Boon Cafe at Jarern Chai Grocer

Originally published by Two Thousand in 2014

Like a gremlin doused with water, Chat Thai has been multiplying over the last few years – with locations popping up in shopping centres and food courts. While each new location has stayed true to the O.G.’s mantra of Thai classics done extremely fucking well, their latest venture breaks all the rules (and still does things extremely fucking well).

If you’ve ever eaten a Chat Thai curry and thought ‘this would be insanely good on a sandwich’, sing your praises to the Lord of Holy Basil, because Chat Thai has been reading your mind and has opened their take on a typical Australian cafe. It’s housed inside their brand new grocery store, Jarern Chai Grocer, itself worthy of a long review praising its colourful collection of produce, both local and imported. A stroll through the aisles is the perfect distraction as you wait for your bowl of crab pasta.

What’s that? Crab pasta? At a Thai joint? It’s all par for the course at Boon Cafe, nestled in the middle of the grocery store. By night the cafe offers a traditional Isaan Thai menu – beautiful soups, noodles and curries as good as you’ll find at the first Chat Thai around the corner – but breakfast and lunch is way more fun, when the mother/daughter team of Amy Chanta and Palisa Anderson present a selection of sandwiches, salads and pasta that feature Thai flavours while avoiding tacky fusion label.

Between thick slices of sourdough from Brickfields Bakery, you’ll find thai sausage, pork larb, fermented rice cakes, smoked eggplant relish and a shitload of chilli. These decadent sandwiches immediately stake their claim for the best in the city – and before you start uninviting your friend who pretends to have a gluten intolerance, don’t worry! The sandwiches can be served as rice bowls too!
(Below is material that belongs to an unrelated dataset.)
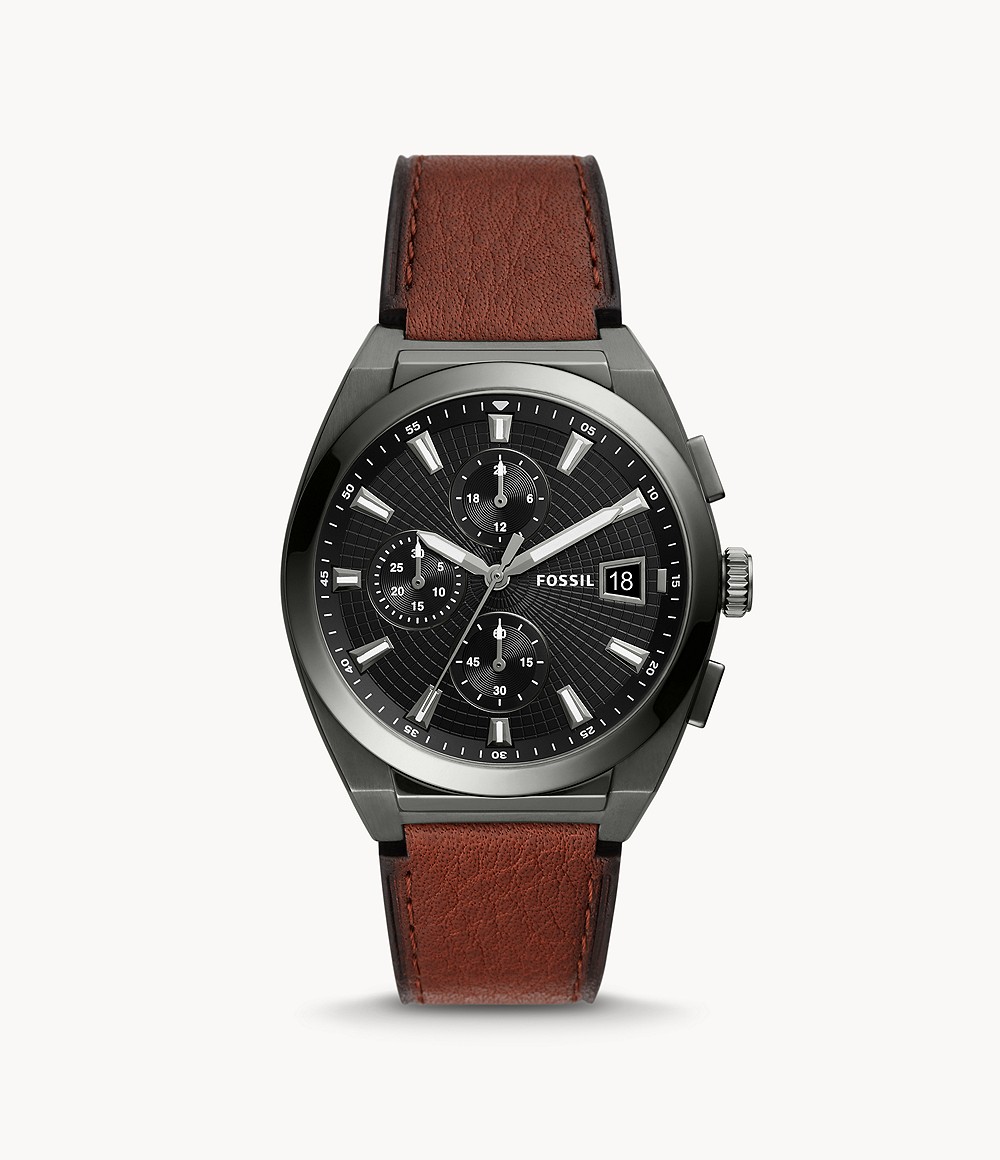 Everett Chronograph Amber Eco Leather Watch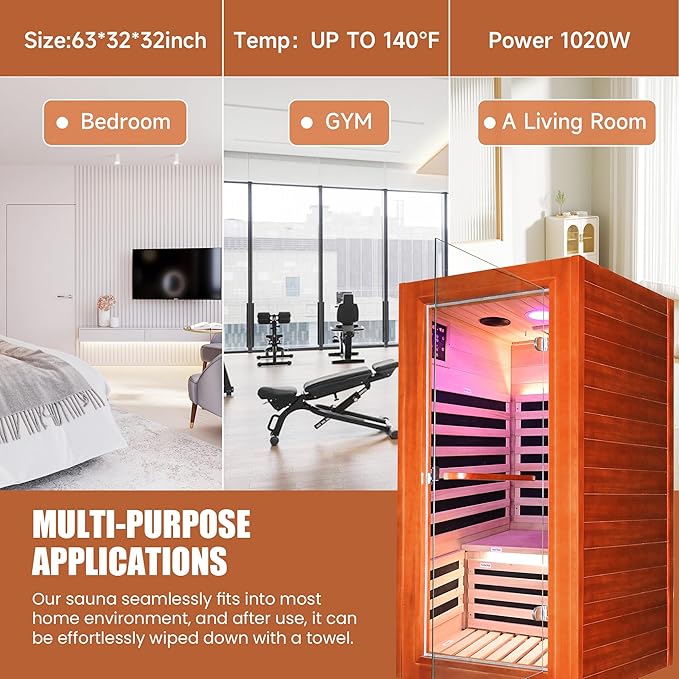 Infrared Sauna for Home Indoor Sauna Wooden Dry Sauna Room Low EMF 1020W for 1 Person with Control Panel, Bluetooth Speaker, Reading Lamp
Swing by for a sandwich at breakfast, then return for a few bowls of pasta at lunch. The pasta comes fresh from Porcorosso and provides a good chew, a nice contrast to the soft rice noodles typically used in Thai food. The kamut fusilli is a highlight, the yellow twists of pasta turning even yellower as they soak up the spicy oil from pork sausage and slide through raw egg yolks.

The level of heat in each dish is a welcome difference from your average cafe, and if you find it a bit much, suck down on one of the house made tisanes – a sweet herbal tea that changes flavour throughout the week. After trying one flavour, you’ll want to return a few times to make sure you get through them all. Add Boon Cafe to the top of the list of restaurants that we’d be perfectly happy eating at for breakfast, lunch and dinner – leaving with a bag of groceries to take home.